Tuesday, November 15, 2011

Watering a Lawn May Not Be Enough For Trees Growing in a Lawn

Q. My tree is 30'x 25' and it is in a lawn area. We follow the SNWA guidelines for watering our lawn. Very little die back has occurred on this tree, and the only fertilizer it gets is what it steals from the lawn.
Tree dieback after the lawn was removed and rock
landscaping replaced the lawn.

A. Watering enough for a lawn is not enough for a tree planted in the lawn if you are not overwatering the lawn. Watering a lawn is enough for the lawn only if you are watering it correctly.

            When you put a large tree on it then you must deep water the tree as well as water the lawn. Different types of trees require more or less water than others. Tree water use is dictated by the size of the tree and the type of tree. Size is most critical. The only time trees do well in lawns is when the lawn is overwatered. The reason trees did well in lawns in the previous years is because lawns were overwatered.

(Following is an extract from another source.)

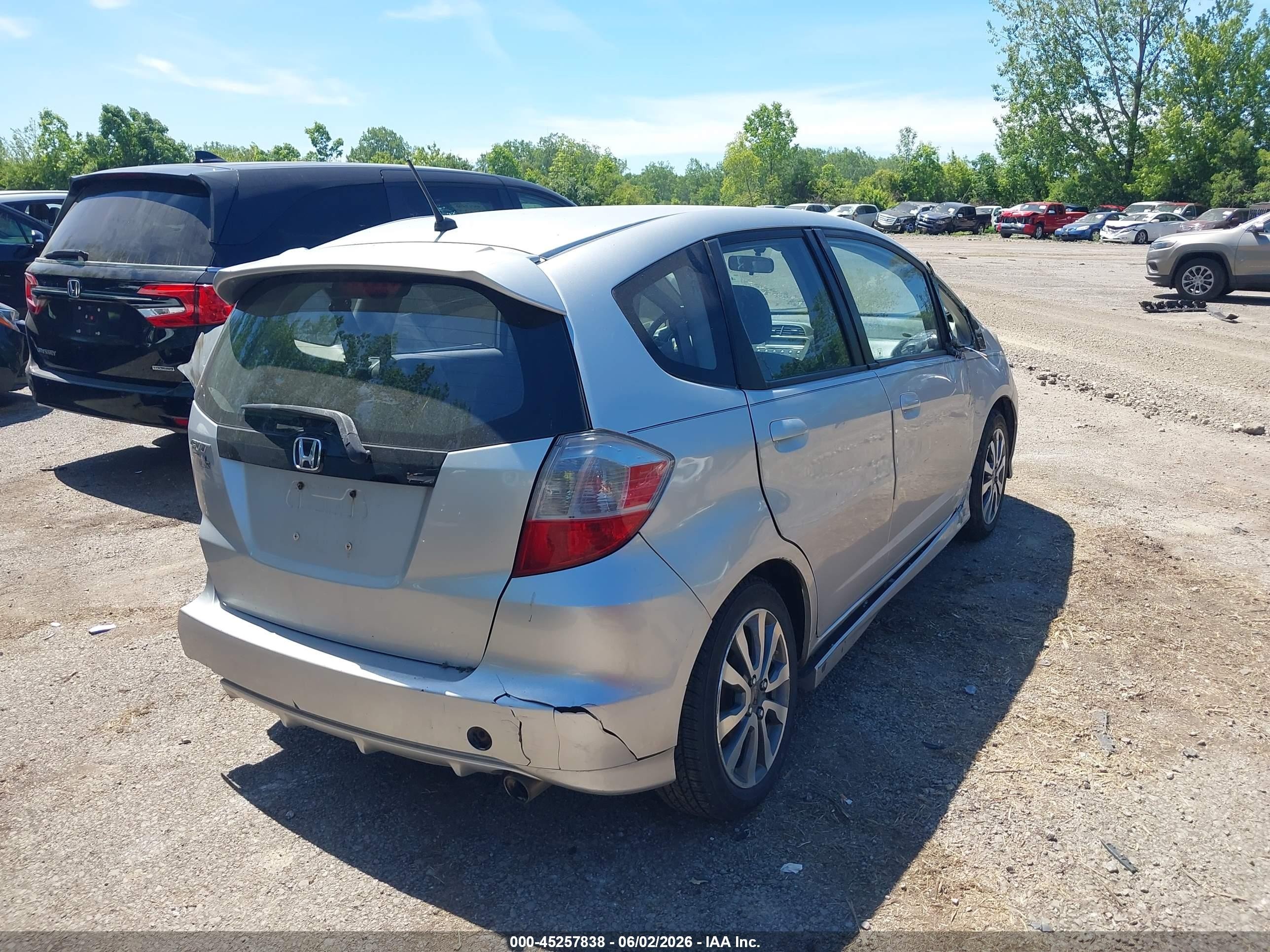 2013 Honda Fit Sport Silver vin: JHMGE8H5XDC029815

New growth is often a different color from
the older growth
            As the price of water has gone up, people have chosen to conserve more and follow lawn watering guides more closely. This has caused some trees to be underwatered even though they are in lawns.

            Lawns are big fertilizer hogs, particularly nitrogen. If you apply fertilizer to the lawn then the lawn is what is going to get the fertilizer due to its extensive fibrous root system. Trees should be fertilized separately from the lawn with applications in the rootzone, just below the rootzone of the lawn so that the lawn does not burn.

            You can judge if the tree is growing enough by looking at its new growth this past year. It will be a different color than the older wood. Or you can see where the previous year's growth stopped. On a tree that size you should get 12 or more inches of new growth each year. If not, then something is wrong. It might be a lack of water or lack of fertilizer or both.

Modesto ash decline
            I don’t know the type of tree you have but make sure you do not have Modesto ash decline if the tree is Modesto ash. I sent to you a picture of Modesto ash decline and have posted it on my blog. It is common here but does not hit every Modesto ash. I have been working with this problem for over 25 years with other professionals and no one has been able to determine its cause. This is why I no longer recommend this particular ash tree.